I was being treated for the whole of the summer. I gained a few pounds, and then decided I was well enough to go to University in the autumn, so I quit treatment… but I totally wasn’t ready to be on my own. My first year at University was the worst year of my entire life – I lost all the weight I gained, I had no friends, and I was put on anti-depressants. I was actually on the phone to my mum every single night, crying for hours, because I so hated it there. By the end of first semester, so at Christmas I came back home and commuted in.
I think that was the start of a gradual change. With my mum’s (incredible) support and understanding, I started to recover. But it was a long process back to health.
My personal healthy tipping point came when I started reading blogs towards the start of my second year at University. I first saw Kath’s blog, which opened my eyes to how much good stuff was out there and the importance of eating real food. I found this blog next, and I was inspired by Caitlin’s balanced attitude. I wanted to run races and be fit, strong, and happy with who I was, too.
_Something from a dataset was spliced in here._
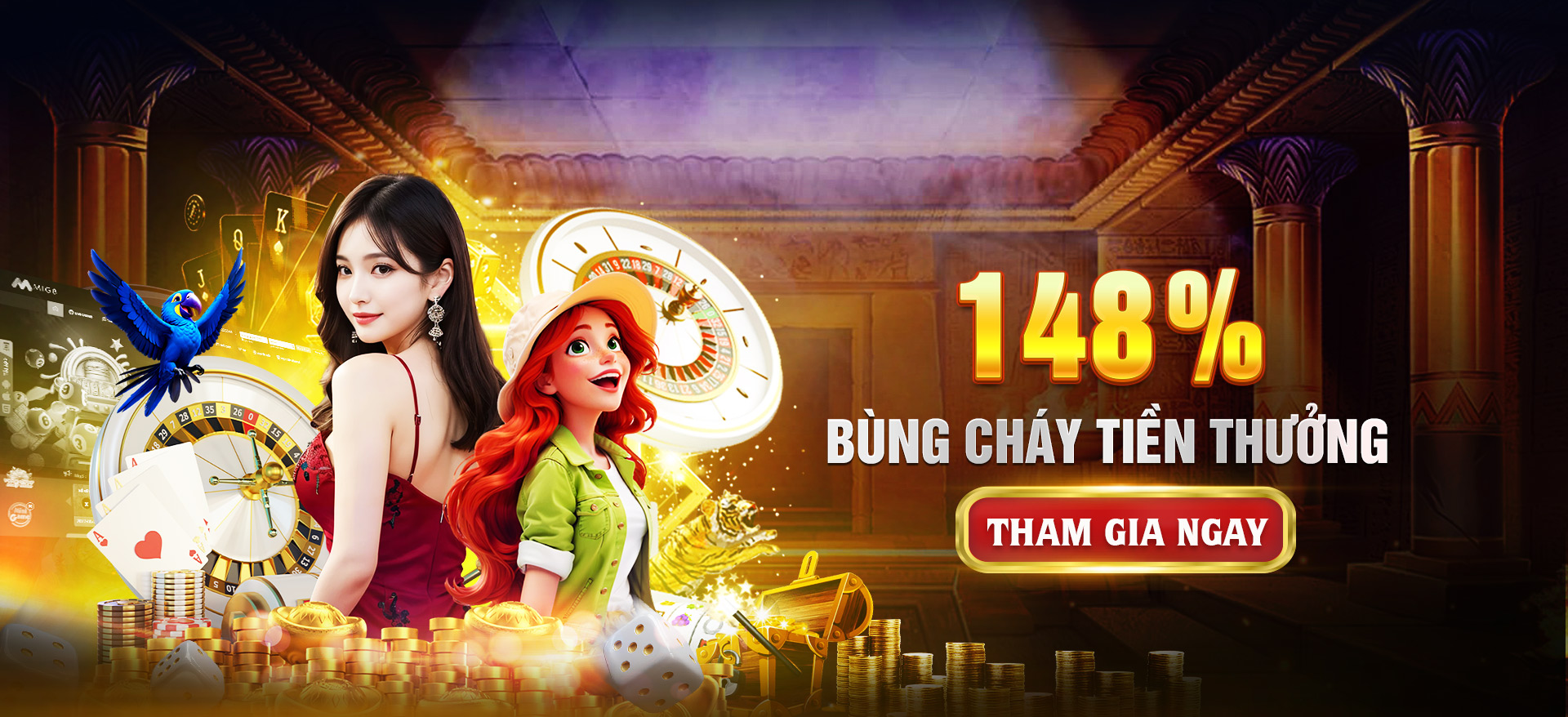 Hình ảnh quảng cáo của tt88 hiển thị nền tảng và các lợi ích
Slowly, I began to learn about nutrition and cooking and started to understand what my body needed in order to run properly. I decided that I wanted to be strong and happy more than anything, and I was not going to let me disorder control me anymore.
I feel unstoppable! My life has done a complete U-turn since I started reading blogs and understanding that healthy does not necessarily equal skinny. I honestly don’t know where I’d be without that inspiration. I’ve put on a healthy amount of weight; I’ve run two half marathons for fun, not to keep my weight down; I’ve discovered a love of cooking and baking; I’m no longer obsessed and controlled by food – it is now a joy to me; and I’m now finally on the path to being properly happy, and learning to love and accept myself. I actually feel excited about life again, and all I want to do is be as fit and strong as possible. It’s a great feeling!!
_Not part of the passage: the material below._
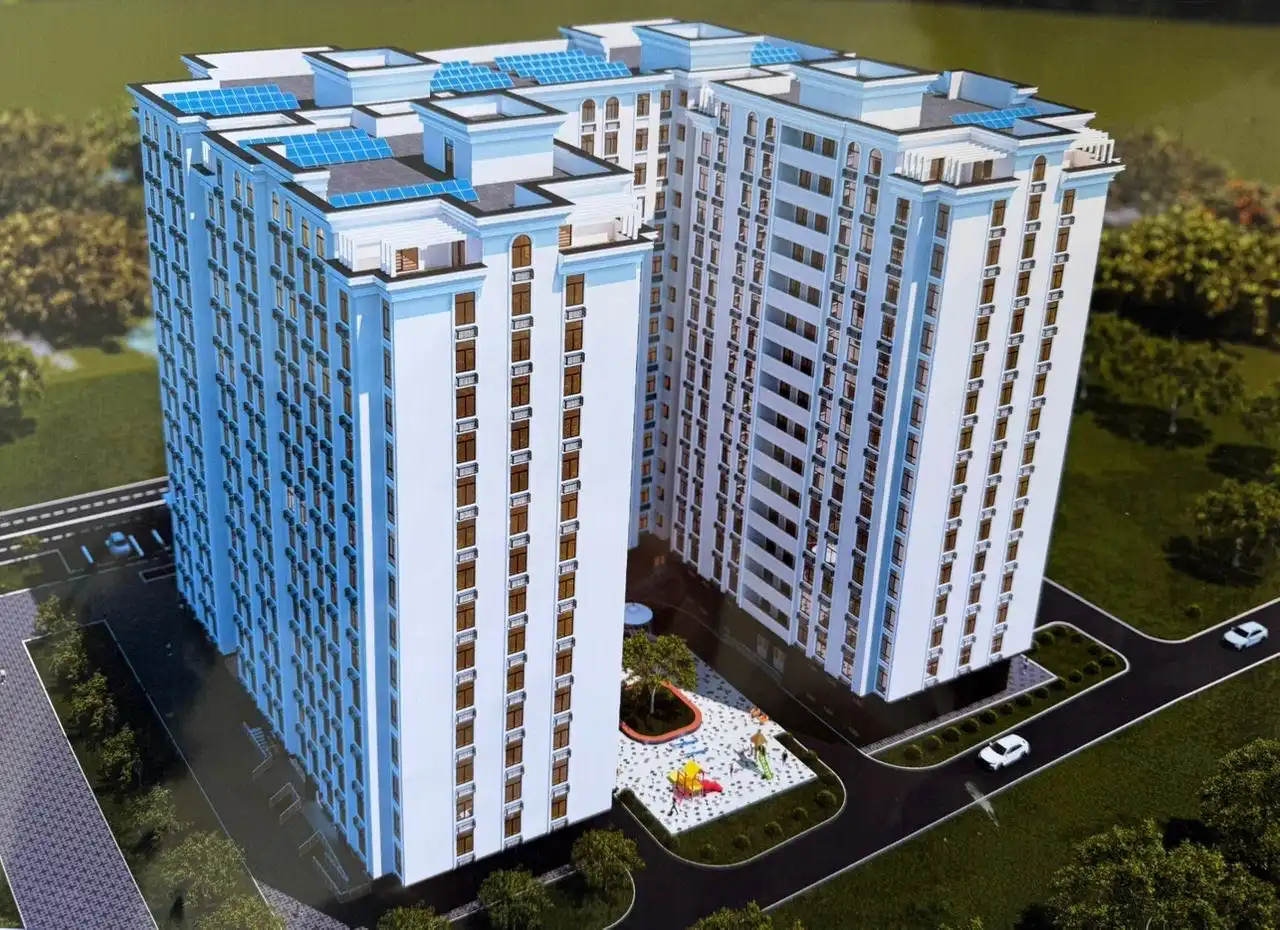 2-к квартира, 7 этаж, 43 м², Ленинград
It’s like I’ve been given a second chance at life, and I’m going to seize every moment and opportunity I get. I REFUSE to ever go back to how I was.
A Note from Caitlin:
If you’re suffering from an eating disorder, please get help!
For more information about eating disorders, check out the Warning Signs of Anorexia, Bulimia, and Binge Eating Disorder.
Oh wow – thankyou so much Caitlin! It’s kinda scary to re-read it all again…I’m so glad things have changed, I can’t even express it.